Forbidden Island is designed by Matt Leacock, who created Pandemic, which kicked our ass on season one of Tabletop. It uses essentially the same mechanics as Pandemic, but instead of being scientists who are saving the world from infectious diseases, the players are adventurers trying to get artifacts off an island that’s trying to kill them by sinking into the ocean.
Like Pandemic, it’s usually won or lost by a few cards, but unlike Pandemic, it’s really great for kids as young as 8 (or precocious 7 year-olds). The themes are very family friendly, the artwork is beautiful, and the pieces are durable. Here’s what our board looked like when we started a recent game:
Those tiles are the island, and the pawns are the explorers. As you play the game, you move around the island and try to collect cards that are turned in to recover the four artifacts.
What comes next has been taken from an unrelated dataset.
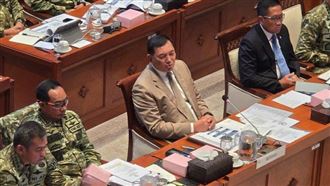 擬向美軍開放空域　印尼防長：簽意向書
During the game, the island is trying to kill you by sinking, so tiles are constantly being removed from the board on almost every turn.
Here’s how it looked when we barely won:
We won by either one or two cards, which was as exhilarating as any game of Pandemic I’ve ever played. For those of you scoring at home, we started on Elite difficulty, instead of the usual Legendary.
You can get Forbidden Island at your Friendly Local Gameshop. It’s a fantastic family game that is challenging enough and well balanced enough for serious gamers to enjoy.
If we get a second season of Tabletop, this is one game I’m absolutely going to play. Maybe I’ll even win this time. (HA HA YEAH RIGHT.)